How to Revise Your Essay after Receiving Feedback
When you receive your essay with feedback (highlighting, track changes, comments), save that file to your hard drive (not One Drive) and then “Save as” in Word (hard drive, not One Drive) a new file following Essay submission guidelines for naming files.
Work on your revision directly with this copy of your essay and make sure track changes are off (in Review tab).
Address all feedback, creating a clean copy as you work. Refer to Guidelines for Managing and Submitting Assignments in order to work with track changes and comments (as well as removing highlighting). You can address track changes one at a time or all at once.
NOTE: Be sure to revise and edit beyond the direct feedback that you receive. Review your essay carefully for issues similar to the feedback that are not marked for you.

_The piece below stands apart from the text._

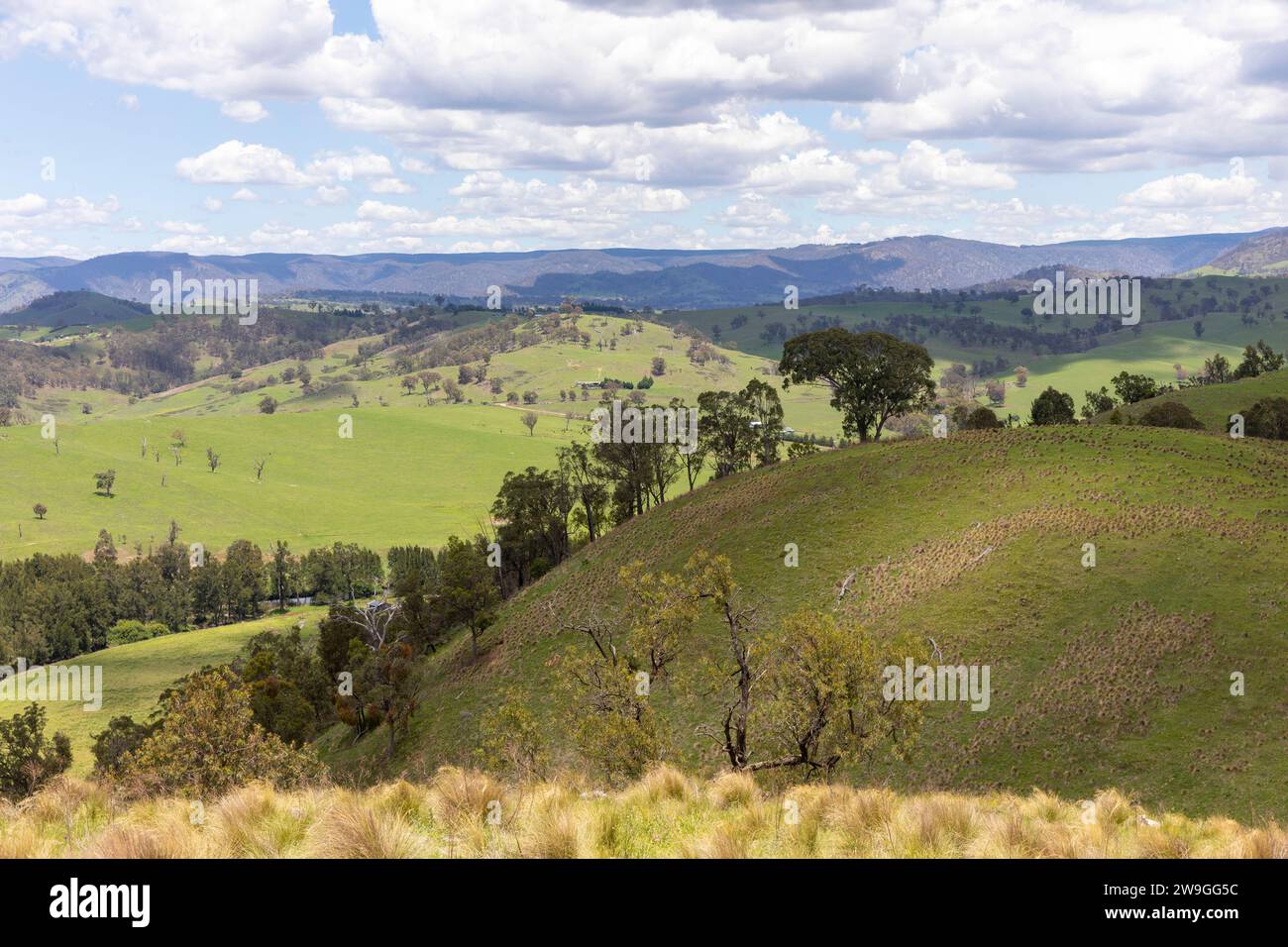 Paysage australien étés jour 2023, campagne et brousse australienne près du village de Hartley dans le centre ouest de la Nouvelle-Galles du Sud, Australie Banque D'Images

Revise and edit your essay independently also. Consider the following revision/editing strategies to improve any essay regardless of the feedback you receive:
- Revise your essay for concision; making an essay briefer almost always improves the quality of the essay. Attack wordiness by addressing common usages such as “the fact that” or “a person who.” Consider using the Hemingway App for some practice; this will identify passive voice, overuse of adverbs, and overlong sentences, for example.
- Revise your essay for sentence and paragraph variety. Check that you are not starting either the same way over and over.
- Address word choice/diction. Make sure your level of diction (formal v. conversational) matches the type of essay and the seriousness of your topic. The backbone of your writing is your usage of nouns and verbs so review your essay for strong, vivid, specific/concrete nouns and verbs. Notably, avoid “to be” and “to get” verbs when a vivid action verb can be used.
- Review your essay for clarity, avoiding ambiguity and misplaced words/information. Specifically address dangling modifiers and misplaced words (see also HERE).
- Reconsider your opening and closing. How you start and end an essay have profound impacts on your reader. Careful revision of these sections is always warranted.